▶ [WORK REQUEST]: Every line of the records below from the line with "Cannolo Logo by" up to and including the line with "2017 LAND ROVER" must be reproduced exactly, and no line outside that range.

▶ [SOURCE RECORDS]:
<<<<
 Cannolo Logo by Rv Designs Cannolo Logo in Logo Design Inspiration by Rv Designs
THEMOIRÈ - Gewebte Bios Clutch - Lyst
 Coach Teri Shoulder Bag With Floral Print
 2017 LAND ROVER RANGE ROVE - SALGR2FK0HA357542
>>>>
<<<<
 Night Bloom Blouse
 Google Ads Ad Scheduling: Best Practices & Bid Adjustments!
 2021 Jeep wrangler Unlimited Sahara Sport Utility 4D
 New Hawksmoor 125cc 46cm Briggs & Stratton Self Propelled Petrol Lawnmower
>>>>
▶ [EXERCISE OUTPUT]:
 Cannolo Logo by Rv Designs Cannolo Logo in Logo Design Inspiration by Rv Designs
THEMOIRÈ - Gewebte Bios Clutch - Lyst
 Coach Teri Shoulder Bag With Floral Print
 2017 LAND ROVER RANGE ROVE - SALGR2FK0HA357542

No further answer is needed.